The funny thing is that although the variables are all significant, R-squared is only 0.0861, it indicated that the regression model accounts for 8.61% of the variability in the outcome measure.
And another funny thing is that almost every variable has positive coefficients but mental health and sex aren’t. We can say that if our mental health is greater, we have less possibility to have heart disease. And if one is female(1), she has less possibility to have heart disease(0). And for BMI, Smoking, Stroke and DiffWalking are also intuitive, if we have greater numbers in these variables, we have more possibility to have heart disease. But something strange is in PhysicalHealth, if we have greater numbers in PhysicalHealth , we have more possibility to have heart disease.

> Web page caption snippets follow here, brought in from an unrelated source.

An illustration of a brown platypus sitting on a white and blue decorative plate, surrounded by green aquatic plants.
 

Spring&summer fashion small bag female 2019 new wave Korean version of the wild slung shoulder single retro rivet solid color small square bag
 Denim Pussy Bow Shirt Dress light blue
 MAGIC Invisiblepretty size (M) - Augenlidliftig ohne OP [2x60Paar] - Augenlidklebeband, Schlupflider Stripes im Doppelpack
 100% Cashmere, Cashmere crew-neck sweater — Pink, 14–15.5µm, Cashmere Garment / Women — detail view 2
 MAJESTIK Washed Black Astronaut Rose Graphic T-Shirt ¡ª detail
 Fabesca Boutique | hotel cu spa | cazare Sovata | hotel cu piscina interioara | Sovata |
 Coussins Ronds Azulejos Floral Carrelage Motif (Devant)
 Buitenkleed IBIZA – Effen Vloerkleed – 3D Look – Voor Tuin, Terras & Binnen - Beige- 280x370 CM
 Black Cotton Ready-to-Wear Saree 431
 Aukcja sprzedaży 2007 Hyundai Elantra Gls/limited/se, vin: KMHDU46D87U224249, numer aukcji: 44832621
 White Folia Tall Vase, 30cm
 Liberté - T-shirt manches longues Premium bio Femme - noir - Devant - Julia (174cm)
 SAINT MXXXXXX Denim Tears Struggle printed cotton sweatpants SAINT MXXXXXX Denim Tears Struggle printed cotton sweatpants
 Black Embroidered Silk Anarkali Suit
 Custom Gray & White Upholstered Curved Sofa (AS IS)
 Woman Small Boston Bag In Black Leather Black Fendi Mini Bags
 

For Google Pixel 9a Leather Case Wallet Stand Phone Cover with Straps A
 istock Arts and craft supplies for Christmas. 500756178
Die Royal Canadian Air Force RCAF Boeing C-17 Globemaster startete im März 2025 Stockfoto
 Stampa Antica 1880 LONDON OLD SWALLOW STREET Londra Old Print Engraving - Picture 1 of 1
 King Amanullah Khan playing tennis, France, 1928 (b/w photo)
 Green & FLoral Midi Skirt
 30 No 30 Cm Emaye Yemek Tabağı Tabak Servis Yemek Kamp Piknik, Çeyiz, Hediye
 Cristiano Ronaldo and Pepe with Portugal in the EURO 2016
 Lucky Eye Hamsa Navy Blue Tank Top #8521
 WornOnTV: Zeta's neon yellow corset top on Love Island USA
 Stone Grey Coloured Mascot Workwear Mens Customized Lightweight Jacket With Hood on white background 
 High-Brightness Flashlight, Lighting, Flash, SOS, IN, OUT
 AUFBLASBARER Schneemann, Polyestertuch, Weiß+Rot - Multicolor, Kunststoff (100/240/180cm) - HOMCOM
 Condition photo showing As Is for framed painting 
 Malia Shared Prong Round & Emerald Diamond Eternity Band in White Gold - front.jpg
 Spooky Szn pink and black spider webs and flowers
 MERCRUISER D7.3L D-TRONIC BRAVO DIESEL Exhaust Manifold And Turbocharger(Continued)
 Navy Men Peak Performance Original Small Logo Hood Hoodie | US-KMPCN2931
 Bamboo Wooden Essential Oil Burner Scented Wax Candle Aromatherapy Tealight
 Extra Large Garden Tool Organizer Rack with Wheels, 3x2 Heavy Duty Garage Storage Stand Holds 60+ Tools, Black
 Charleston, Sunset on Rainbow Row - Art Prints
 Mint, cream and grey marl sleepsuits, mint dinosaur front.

Just take two example of coeffiecient explanations, Regression coefficient of 5.458e-04(BMI) means that if increase BMI by 1, then Heart disease will increase by 5.458e-04 while control other variables. Regression coefficient of 3.800e-02(Smoking) means that if increase Smoking by 1, then Heart disease will increase by 3.800e-02 while control other variables. It also assumes that the smoking yes(1) and smoking no(0) group differences.
The VIF values are all below 10, we can conclude that they don’t have collinearity problem.